==== Data section
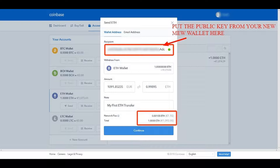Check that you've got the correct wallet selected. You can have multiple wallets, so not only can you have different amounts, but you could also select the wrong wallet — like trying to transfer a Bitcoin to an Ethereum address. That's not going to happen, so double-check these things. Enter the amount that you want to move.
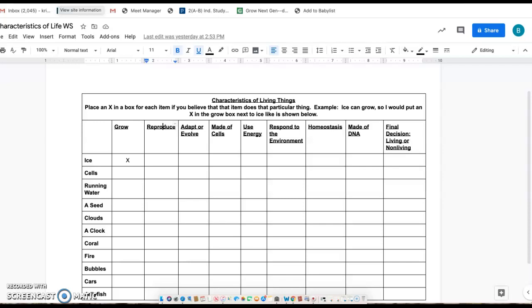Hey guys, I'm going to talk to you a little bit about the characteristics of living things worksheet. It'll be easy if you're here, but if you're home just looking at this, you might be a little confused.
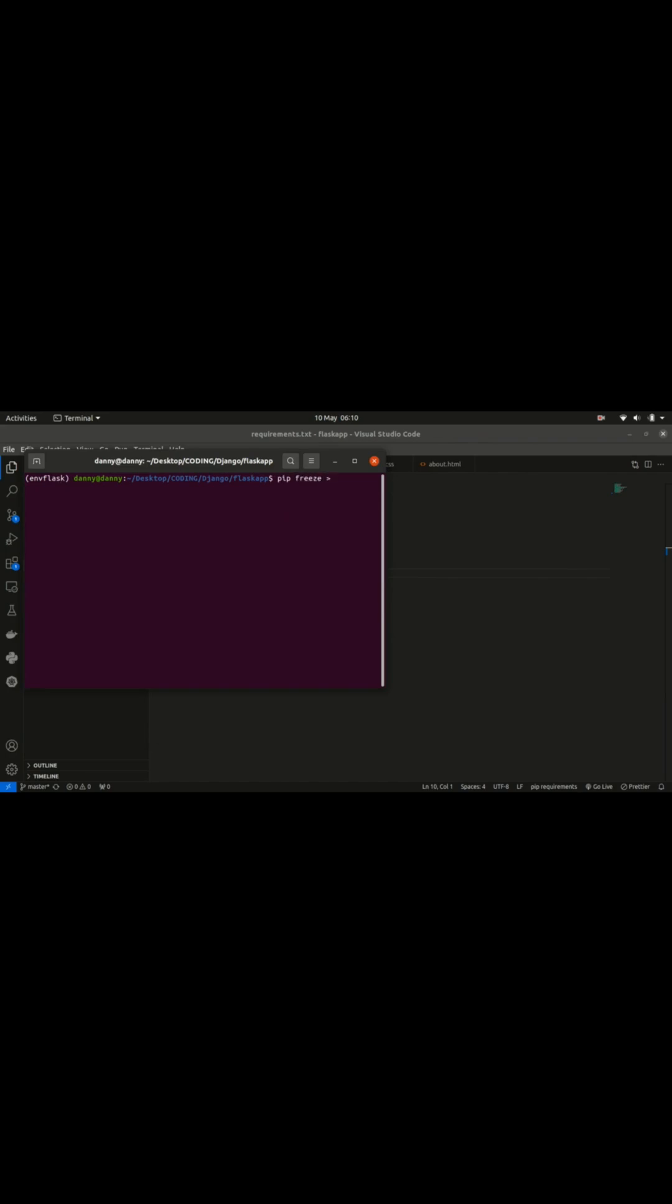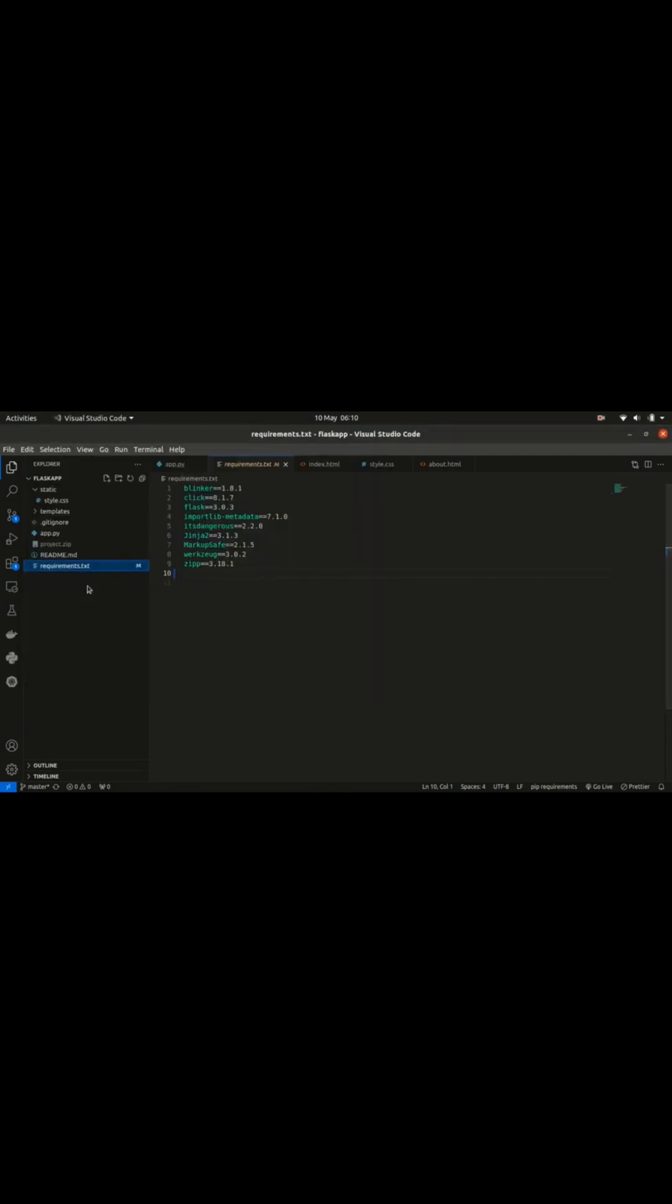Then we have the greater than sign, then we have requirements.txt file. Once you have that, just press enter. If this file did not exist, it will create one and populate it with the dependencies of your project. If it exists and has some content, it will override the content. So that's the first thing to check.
========
**What this task involves**
Print the listing exactly, images excluded.

**Written answer**
Check that you've got the correct wallet selected. You can have multiple wallets, so not only can you have different amounts, but you could also select the wrong wallet — like trying to transfer a Bitcoin to an Ethereum address. That's not going to happen, so double-check these things. Enter the amount that you want to move.
Hey guys, I'm going to talk to you a little bit about the characteristics of living things worksheet. It'll be easy if you're here, but if you're home just looking at this, you might be a little confused.
Then we have the greater than sign, then we have requirements.txt file. Once you have that, just press enter. If this file did not exist, it will create one and populate it with the dependencies of your project. If it exists and has some content, it will override the content. So that's the first thing to check.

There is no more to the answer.